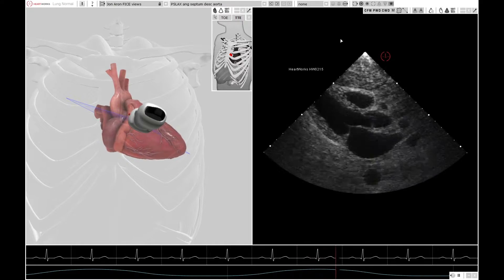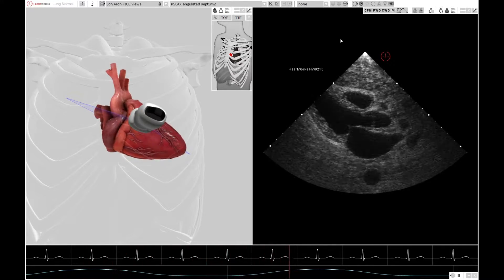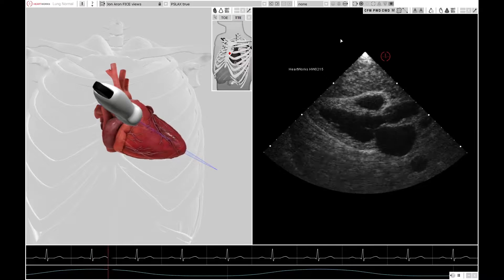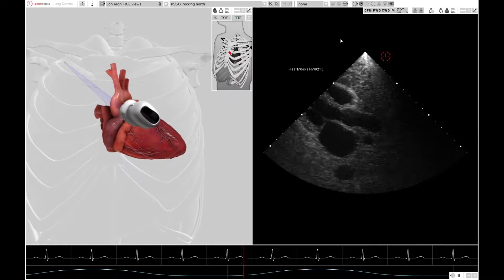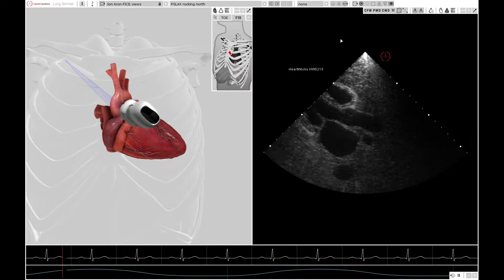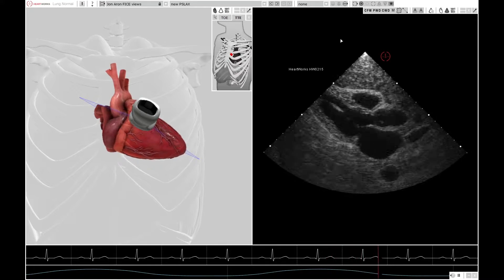This is a very good parasternal long axis view, with the apex not being visualised. By rocking the probe — a movement along its long axis — you can see more of the apex, or if you rock it the other way, you can see more of the aortic root. The standard FICE view is as shown before, with the aortic valve and mitral valve in the centre and the apex not visible.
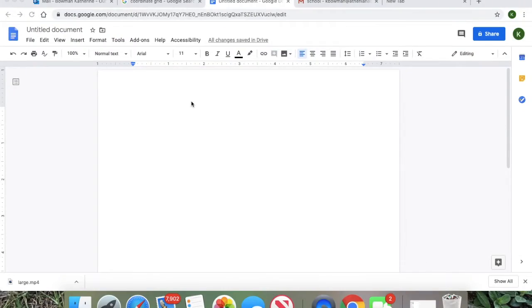Okay, so today we're gonna be doing lesson 14.1. Lesson 14.1 is all about locating points on a coordinate plane. We're gonna go over some vocabulary first because this is a lot of new vocabulary that I don't think you guys have heard of before, so this is a good time to get your notes out. Let's write down some vocabulary and then I'll flip the screen back to me and show you guys.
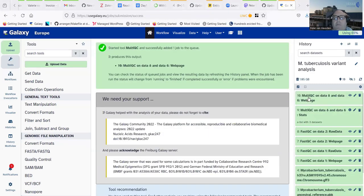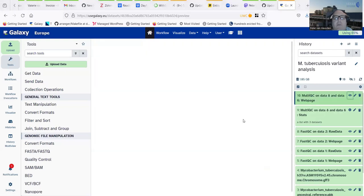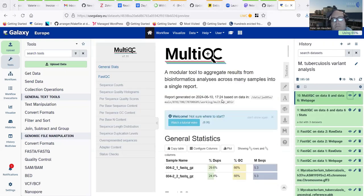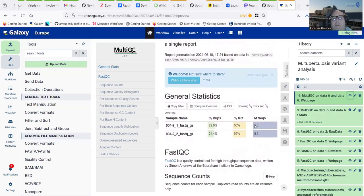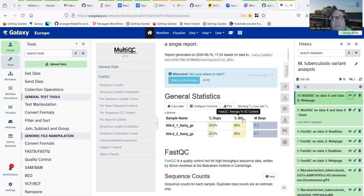With multiple datasets processed by quality control tools like FastQC, it's useful to combine outputs into consolidated reports. For that we go back to the tutorial and run MultiQC. I click on it, opening the MultiQC form. The first thing to notice is that MultiQC can work on lots of different QC tool outputs, so I must select the correct tool here, which is FastQC.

______________________________

Copy the data exactly. Any picture it contains is to be omitted.

Response -
This is a very good parasternal long axis view, with the apex not being visualised. By rocking the probe — a movement along its long axis — you can see more of the apex, or if you rock it the other way, you can see more of the aortic root. The standard FICE view is as shown before, with the aortic valve and mitral valve in the centre and the apex not visible.
Okay, so today we're gonna be doing lesson 14.1. Lesson 14.1 is all about locating points on a coordinate plane. We're gonna go over some vocabulary first because this is a lot of new vocabulary that I don't think you guys have heard of before, so this is a good time to get your notes out. Let's write down some vocabulary and then I'll flip the screen back to me and show you guys.
With multiple datasets processed by quality control tools like FastQC, it's useful to combine outputs into consolidated reports. For that we go back to the tutorial and run MultiQC. I click on it, opening the MultiQC form. The first thing to notice is that MultiQC can work on lots of different QC tool outputs, so I must select the correct tool here, which is FastQC.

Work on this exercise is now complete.